If you watch the headlines, you are aware that the seas around Somalia are swarming with pirates. It is really getting dangerous for the commercial shipping that passes the horn of Africa. In the latest exploit, a group of the pirates took over a large oil tanker some 400 miles away from the shore of Somalia and said if you want it back, pay up.
The other nations of our planet are not responding all that well to the challenge posed by the Somali pirates. There is a great deal of talk about how impossible it is to watch all the coastal areas and keep thousands of ships safe at the same time. A warship from India got lucky a day ago and spotted a small ship that seemed to match the description of a pirate "mother ship". You see, the small speedboats that the pirates like to use can't safely travel hundreds of miles of open ocean, so they depend on "mother ships" when they go out that far. The Indians hailed the little ship, which replied with gunfire, so the Indians blasted and sank them. Great. But Somalia is in chaos, there is no government whatsoever, and there are lots of guys willing to risk their lives on a big payoff. We need to demonstrate that the payoff is not going to happen, and that getting blown out of the water is certain.

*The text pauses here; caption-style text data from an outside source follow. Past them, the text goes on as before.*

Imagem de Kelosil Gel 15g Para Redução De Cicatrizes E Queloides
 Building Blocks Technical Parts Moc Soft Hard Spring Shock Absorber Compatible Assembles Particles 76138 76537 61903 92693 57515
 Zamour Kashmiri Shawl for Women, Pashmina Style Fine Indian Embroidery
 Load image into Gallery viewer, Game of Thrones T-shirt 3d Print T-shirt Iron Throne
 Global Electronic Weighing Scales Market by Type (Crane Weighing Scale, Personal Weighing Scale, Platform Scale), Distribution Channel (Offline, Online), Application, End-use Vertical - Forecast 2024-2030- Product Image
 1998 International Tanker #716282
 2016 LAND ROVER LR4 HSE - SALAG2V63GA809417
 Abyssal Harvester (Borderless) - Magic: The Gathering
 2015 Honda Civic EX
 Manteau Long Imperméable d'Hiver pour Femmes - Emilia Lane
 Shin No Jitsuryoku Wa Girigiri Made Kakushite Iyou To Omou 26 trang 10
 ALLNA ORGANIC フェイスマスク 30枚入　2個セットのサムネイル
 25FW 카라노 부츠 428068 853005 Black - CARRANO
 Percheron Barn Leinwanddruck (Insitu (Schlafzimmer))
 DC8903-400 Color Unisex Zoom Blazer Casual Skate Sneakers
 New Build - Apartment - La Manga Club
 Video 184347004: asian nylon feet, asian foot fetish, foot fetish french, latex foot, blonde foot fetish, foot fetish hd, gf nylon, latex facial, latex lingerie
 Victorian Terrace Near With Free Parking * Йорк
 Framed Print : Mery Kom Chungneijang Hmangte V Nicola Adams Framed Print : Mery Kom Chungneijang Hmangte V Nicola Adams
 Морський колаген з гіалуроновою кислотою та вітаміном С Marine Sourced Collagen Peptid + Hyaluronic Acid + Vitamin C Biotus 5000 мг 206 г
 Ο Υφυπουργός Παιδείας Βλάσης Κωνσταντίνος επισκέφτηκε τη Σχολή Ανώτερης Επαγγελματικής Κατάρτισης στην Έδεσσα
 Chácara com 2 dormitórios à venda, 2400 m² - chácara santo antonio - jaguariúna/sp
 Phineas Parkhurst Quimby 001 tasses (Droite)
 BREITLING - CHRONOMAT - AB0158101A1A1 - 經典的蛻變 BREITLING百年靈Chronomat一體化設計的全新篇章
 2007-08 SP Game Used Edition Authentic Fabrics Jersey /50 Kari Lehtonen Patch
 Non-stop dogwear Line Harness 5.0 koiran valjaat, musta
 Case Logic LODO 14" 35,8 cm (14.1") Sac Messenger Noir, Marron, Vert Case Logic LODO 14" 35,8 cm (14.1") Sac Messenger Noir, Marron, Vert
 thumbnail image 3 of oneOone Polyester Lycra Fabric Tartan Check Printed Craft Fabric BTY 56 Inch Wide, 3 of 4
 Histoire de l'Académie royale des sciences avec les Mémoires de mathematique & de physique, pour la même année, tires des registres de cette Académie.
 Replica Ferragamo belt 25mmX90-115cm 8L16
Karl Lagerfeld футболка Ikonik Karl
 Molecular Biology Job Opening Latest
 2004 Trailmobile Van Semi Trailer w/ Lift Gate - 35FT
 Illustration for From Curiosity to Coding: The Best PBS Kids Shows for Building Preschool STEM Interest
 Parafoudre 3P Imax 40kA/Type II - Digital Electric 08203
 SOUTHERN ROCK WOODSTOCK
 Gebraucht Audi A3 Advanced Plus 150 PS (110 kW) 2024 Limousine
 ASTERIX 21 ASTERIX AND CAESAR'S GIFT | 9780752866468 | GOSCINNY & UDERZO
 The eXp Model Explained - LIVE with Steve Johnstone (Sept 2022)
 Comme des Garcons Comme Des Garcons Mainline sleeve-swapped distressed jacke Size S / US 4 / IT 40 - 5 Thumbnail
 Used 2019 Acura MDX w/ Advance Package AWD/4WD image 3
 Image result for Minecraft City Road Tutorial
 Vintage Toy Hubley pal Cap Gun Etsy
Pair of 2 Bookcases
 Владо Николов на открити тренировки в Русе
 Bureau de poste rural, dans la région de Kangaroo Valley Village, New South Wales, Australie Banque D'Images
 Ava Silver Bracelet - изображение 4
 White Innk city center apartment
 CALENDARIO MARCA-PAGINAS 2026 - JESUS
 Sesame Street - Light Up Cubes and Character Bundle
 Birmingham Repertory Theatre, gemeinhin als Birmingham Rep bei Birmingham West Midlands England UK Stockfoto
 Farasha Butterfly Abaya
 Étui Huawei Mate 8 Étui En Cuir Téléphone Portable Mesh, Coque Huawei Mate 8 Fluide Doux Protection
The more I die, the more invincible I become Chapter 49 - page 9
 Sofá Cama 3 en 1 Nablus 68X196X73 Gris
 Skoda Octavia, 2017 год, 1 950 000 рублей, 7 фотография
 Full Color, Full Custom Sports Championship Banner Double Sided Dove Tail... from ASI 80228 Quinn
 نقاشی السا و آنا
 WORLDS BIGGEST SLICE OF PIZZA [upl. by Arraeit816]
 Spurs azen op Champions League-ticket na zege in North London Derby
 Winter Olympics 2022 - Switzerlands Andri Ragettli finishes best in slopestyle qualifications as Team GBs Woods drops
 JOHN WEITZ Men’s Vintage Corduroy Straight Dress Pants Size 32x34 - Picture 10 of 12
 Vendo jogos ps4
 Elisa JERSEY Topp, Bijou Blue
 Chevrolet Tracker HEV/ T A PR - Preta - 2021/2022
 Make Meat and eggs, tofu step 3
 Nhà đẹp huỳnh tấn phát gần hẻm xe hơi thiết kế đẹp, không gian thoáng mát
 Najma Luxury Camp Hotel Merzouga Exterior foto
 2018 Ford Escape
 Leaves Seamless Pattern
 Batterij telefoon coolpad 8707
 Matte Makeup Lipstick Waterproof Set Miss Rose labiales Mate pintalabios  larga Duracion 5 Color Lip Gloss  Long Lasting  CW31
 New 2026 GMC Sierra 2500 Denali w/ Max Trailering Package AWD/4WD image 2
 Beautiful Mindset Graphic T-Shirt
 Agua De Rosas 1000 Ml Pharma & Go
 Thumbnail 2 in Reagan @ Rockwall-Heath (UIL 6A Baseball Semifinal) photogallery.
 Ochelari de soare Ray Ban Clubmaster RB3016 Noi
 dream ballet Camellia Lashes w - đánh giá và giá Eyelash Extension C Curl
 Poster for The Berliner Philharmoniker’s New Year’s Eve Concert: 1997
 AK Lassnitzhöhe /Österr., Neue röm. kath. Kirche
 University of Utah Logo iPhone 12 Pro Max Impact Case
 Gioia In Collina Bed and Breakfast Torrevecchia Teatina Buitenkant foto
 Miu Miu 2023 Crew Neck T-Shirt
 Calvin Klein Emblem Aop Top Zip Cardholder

To complicate things, there is now a movement in Somalia of Islamic fundamentalists who want to take over the country and do the Taliban thing- stonings, beatings, women wrapped head to toe, you name it. Even though that would impose some order on a chaotic and lawless nation, and would probably stop most of the pirates, we don't want that to happen. An islamic regime would be likely to harbor terrorists, as long as they are islamic terrorists. You know what that means, a new regime to replace Afghanistan's Taliban to play the role of sugar daddy to a new set of Al Qaeda goons.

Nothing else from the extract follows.